Представление о благом боге установится не сразу. Жрецу выгодно показать, что бог часто бывает разгневан*. Он будет задерживать развитие искусства; но под конец общественное мнение, после некоторых колебаний, сойдется на том, что бог благ; это первая стычка, начало долгой войны здравого смысла против жрецов. Итак, теперь уже есть бог сильный, справедливый, благой и бессмертный. Не воображайте, что это случилось задолго до вас. Мысль о благости христианского бога никогда и не приходила в голову Микеланджело.
* ()
** ()
*** ()
Глава LXXX. Скорбь художника
Дикарь-художник находит в людях своего племени выражение трех первых из этих качеств. Общественные верования услужливо предлагают ему еще четвертое, лишь только они обнаруживают какой-нибудь признак могущества, придуманный обычно жрецами, например, молнию в руке Юпитера или орла у его ног.
Сила - свойство физическое, и его признаки, именно: хорошо выраженная мускулатура, толстая шея, маленькая голова и т. д.,- не могут никогда исчезнуть; но справедливость и благость - душевные привычки, а страсть опрокидывает все привычки.
Черты лица старого шейха бедуинов, который изо дня в день в своей палатке творит отеческий суд над ними, будут отличаться глубоким вниманием и добротой - признаками, которые искусство вынуждено воспроизвести, чтобы показать справедливость.
Но когда почтенный Иаков видит окровавленные одежды Иосифа, черты лица его искажаются; в них видна одна лишь скорбь, выражение всех душевных качеств исчезло.
Художник с ужасом замечает, что выражение любой сколько-нибудь сильной страсти тотчас уничтожает все признаки божественности, которые ему с таким трудом удалось подметить в природе и соединить в своей статуе.
Глава LXXXI. Жрец его утешает
Но тут в мастерскую его зайдет колдун его племени и скажет: "Мой бог силен, как никто, иначе говоря, он всемогущ.

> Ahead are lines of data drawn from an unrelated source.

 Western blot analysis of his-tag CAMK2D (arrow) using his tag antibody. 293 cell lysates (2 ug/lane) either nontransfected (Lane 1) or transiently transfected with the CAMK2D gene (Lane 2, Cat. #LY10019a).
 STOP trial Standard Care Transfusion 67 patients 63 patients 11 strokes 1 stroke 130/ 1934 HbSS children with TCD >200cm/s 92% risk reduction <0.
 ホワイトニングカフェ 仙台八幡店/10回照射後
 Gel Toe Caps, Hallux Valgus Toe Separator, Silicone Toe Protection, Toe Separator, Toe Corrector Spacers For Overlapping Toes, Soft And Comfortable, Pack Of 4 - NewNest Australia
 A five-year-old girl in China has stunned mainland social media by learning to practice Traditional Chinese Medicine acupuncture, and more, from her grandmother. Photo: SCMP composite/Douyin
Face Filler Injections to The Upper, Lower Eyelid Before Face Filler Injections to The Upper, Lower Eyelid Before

Он разумен, как никто, иначе говоря, он видит будущее так же ясно, как и прошлое.
Он всемогущ; поэтому за малейшим из его желаний немедленно следует осуществление его божественной воли; поэтому он не может испытывать ни сильного желания, ни страсти.
Утешься; препятствие, грозившее опрокинуть твое здание, не существует: твое искусство не в состоянии изобразить одержимого страстью бога; наш вечно чтимый бог выше страстей".

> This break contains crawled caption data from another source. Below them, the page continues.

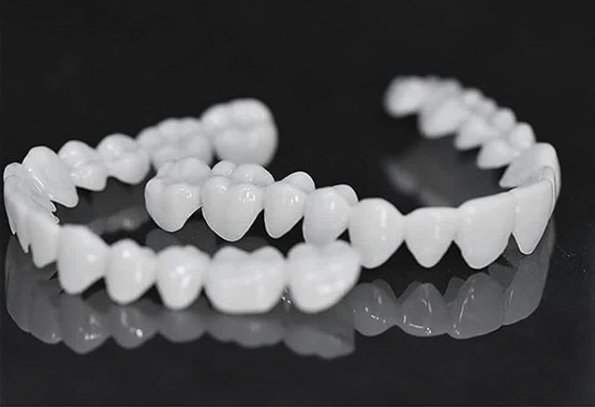 Prothèse blanche ajustable Smile Lens – Dispositif de correction directe du sourire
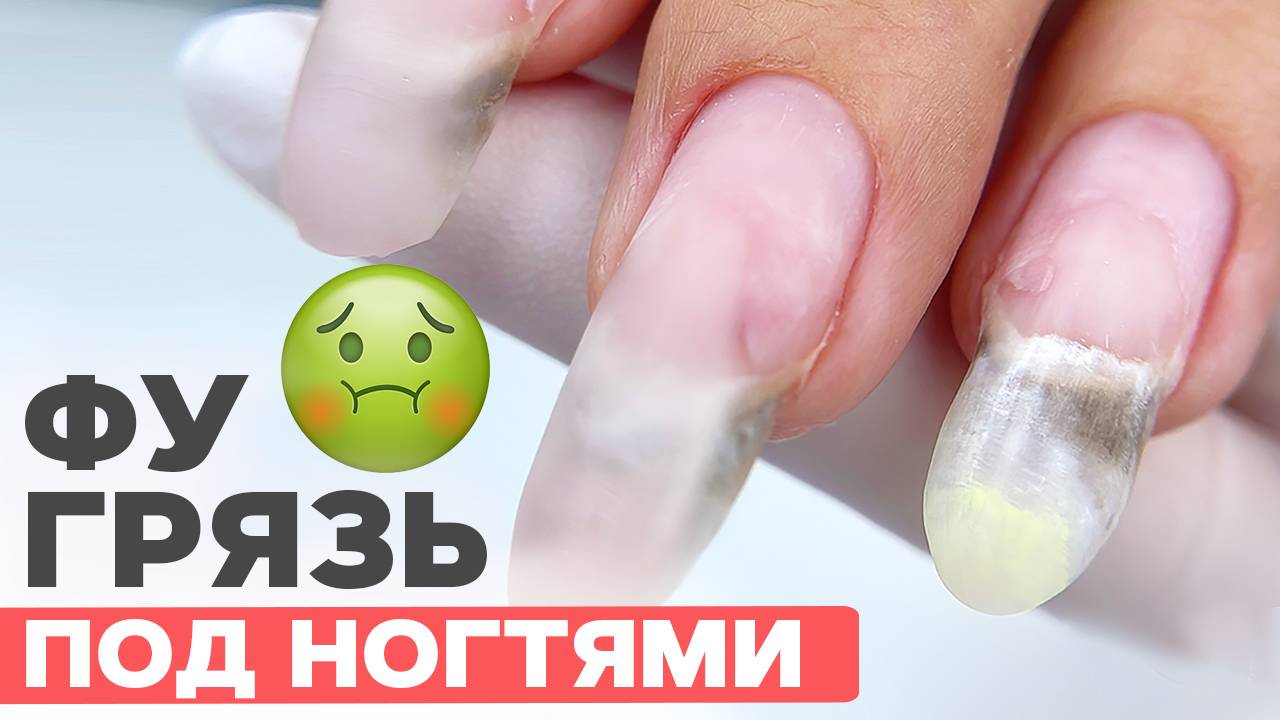 Грязь под ногтями после ОГОРОДА | Коррекция и поднятие клюющих ногтей смотреть онлайн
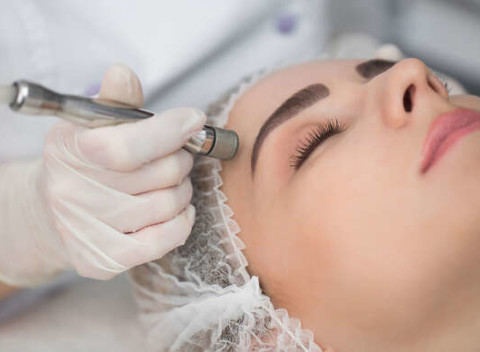 Diamantová mikrodermabrázia - účinná procedúra na omladenie tváre, určená pre všetky typy pleti.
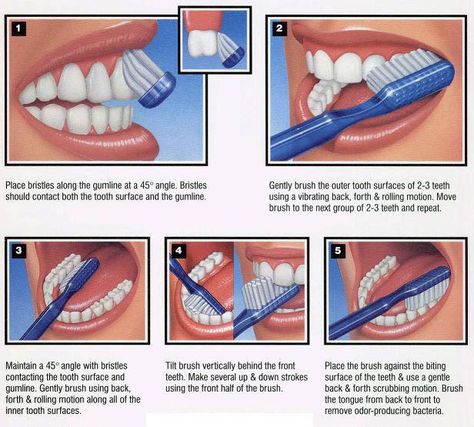 Brushing technique: Bass and Modified Bass Methods ~ MedchromeTube - Best Medical Videos Natural Teeth Whitening Diy, Dental Health Month, Teeth Whitening Diy, Dental Facts, Brush Your Teeth, Best Teeth Whitening, Teeth Care, Saint John, Dental Hygienist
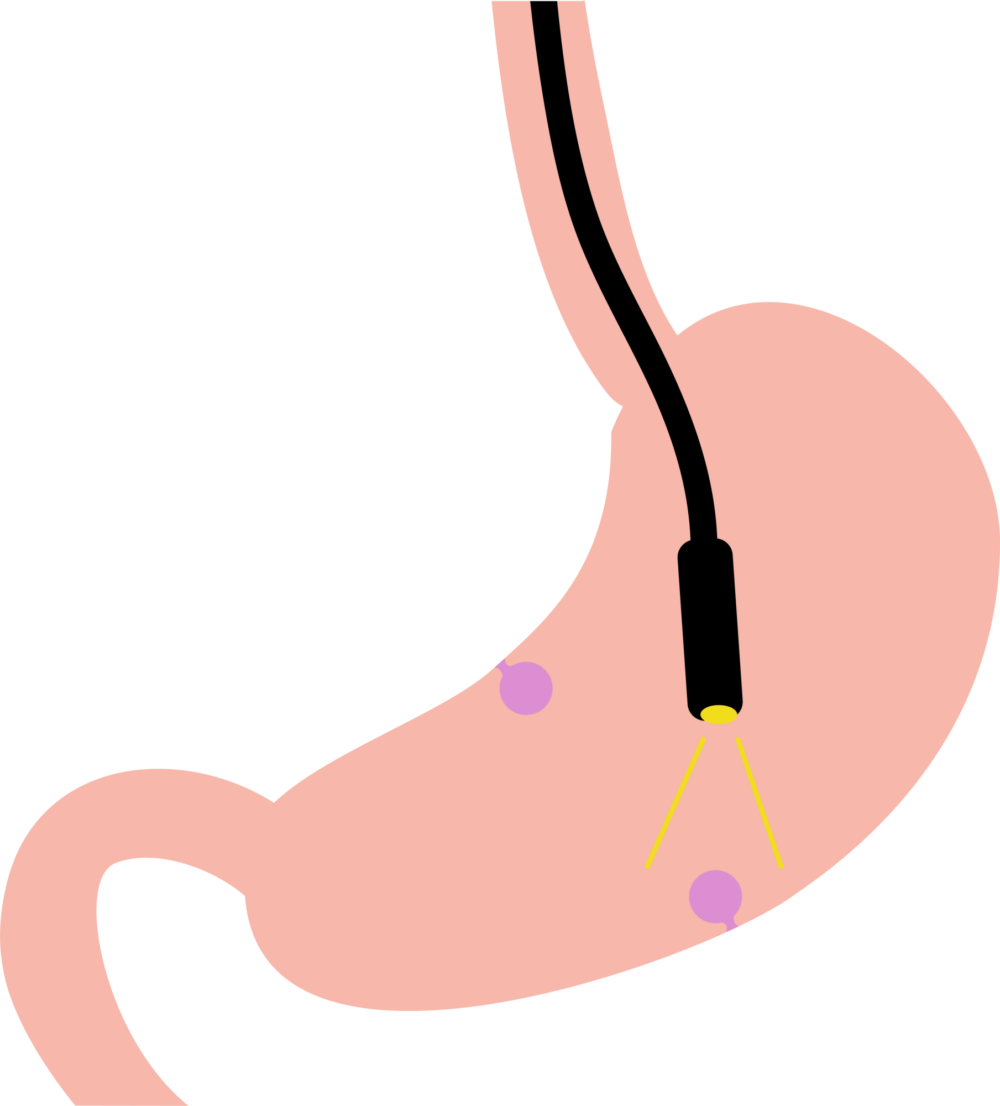 胃カメラとは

Глава LXXXII Он все больше и больше удаляется от природы
Восхищенный художник с новым рвением обдумывает свой труд; он вспоминает основное положение - о том, что у зрителя лишь ограниченное количество внимания.
"Если я хочу довести до предела чувство, которое благочестивый дикарь должен испытывать при виде Юпитера, то воспроизведение физических признаков самих по себе должно поглощать как можно меньше этого драгоценного внимания. Мысль должна как можно меньше задерживаться на материальном, чтобы поскорее предстать пред ужасающим и вместе с тем утешительным могуществом, которое покоится в бровях Юпитера. Все пропало, если, глядя на руку бога, дикарь заметит складки на коже и вспомнит, что он видел их на своих руках. Если он примется сравнивать свою руку и руку бога, если ему вздумается меня похвалить за правдивость изображения, я окажусь в беспомощном положении. Как может, в таком случае, найтись у него в сердце место для уничижения, в которое должно его повергнуть присутствие владыки богов и людей?
Есть только один способ: опустим все эти досадные подробности, которые могут, пожалуй, похитить некоторую долю внимания*; зато я смогу придать больше выразительности тем из них, которые сохраню".